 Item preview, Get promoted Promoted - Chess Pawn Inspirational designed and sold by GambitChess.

--

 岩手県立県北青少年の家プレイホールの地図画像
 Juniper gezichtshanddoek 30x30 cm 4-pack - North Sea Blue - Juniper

--

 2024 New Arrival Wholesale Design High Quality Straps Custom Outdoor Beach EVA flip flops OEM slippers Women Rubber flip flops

- [Aim of the exercise]
Lines to set down from above: the line with "岩手県立県北青少年の家プレイホールの地図画像", the line with "Juniper gezichtshanddoek 30x30", and every line between, each exactly as written.

- [Solution for this exercise]
 岩手県立県北青少年の家プレイホールの地図画像
 Juniper gezichtshanddoek 30x30 cm 4-pack - North Sea Blue - Juniper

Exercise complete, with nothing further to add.